The Weitz firm has denied any knowledge of the alleged scheme. Taub has since been let go by Columbia and has filed a lawsuit against his former employer.

Golanski responded to Ford’s claims of gaming the asbestos recovery system in an Aug. 13 letter to Jaffe.

“Wow. Where to begin?” Golanski wrote. “And more of a dilemma, how to begin while remaining civil?

“Another explanation that is both ‘conceivable’ and, coincidentally, true is that the Federal Mogul Asbestos Personal Injury Trust is not yet open for, and not yet accepting, any claims arising from asbestos exposures to Wagner Electric Corporation products.”

Golanski called Ford’s Warner allegation a “gaffe” and defended the firm’s election not to file a Raybestos claim. He said the company’s estimation of the worth of Juni’s claim is not reliable.

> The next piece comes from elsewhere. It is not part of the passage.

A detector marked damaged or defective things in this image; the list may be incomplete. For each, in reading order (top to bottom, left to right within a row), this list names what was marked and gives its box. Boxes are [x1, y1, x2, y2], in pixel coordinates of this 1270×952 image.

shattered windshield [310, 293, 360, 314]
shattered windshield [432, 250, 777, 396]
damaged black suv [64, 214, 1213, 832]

The figure Ford used would be subject to a massive reduction, leaving it at a worth of $1,050, he said.

“(T)here is simply no basis in New York law for any reduction from a verdict for sums that speculatively or hypothetically might be realized – here $1,050 – from a settlement that has not yet occurred,” Golanski wrote.

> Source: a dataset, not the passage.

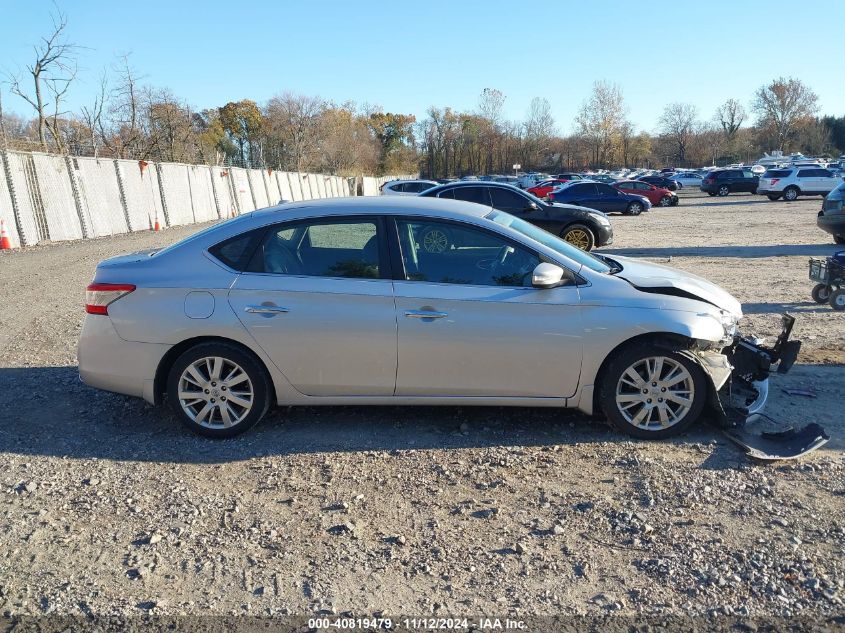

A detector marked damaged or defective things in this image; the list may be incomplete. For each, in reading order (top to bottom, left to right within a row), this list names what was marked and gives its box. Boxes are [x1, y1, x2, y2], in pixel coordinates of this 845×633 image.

damaged front end of car [696, 314, 828, 460]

Ford didn’t back off in its reply letter to Jaffe, claiming Golanski did not explain why no claim was filed to the Raybestos trust. It also disagreed with his $1,050 figure.

And though Golanski was correct that the Wagner trust was not accepting claims at the time, he is wrong that no set-off could be ascribed to that entity, Ford claimed.

A day later, Golanski wrote to Jaffe that Ford’s admittance that he was correct about the Wagner trust renders its “initial outburst… wholly irresponsible.”

It is unclear from court documents what affect the exchange had on the case. Ford’s post-trial motion did not ask for an offset in the amount of what it felt would have been recovered from the trusts.

Instead, the company asked for an offset of the amount the plaintiff earned in settlements with other solvent civil defendants – roughly $1.7 million.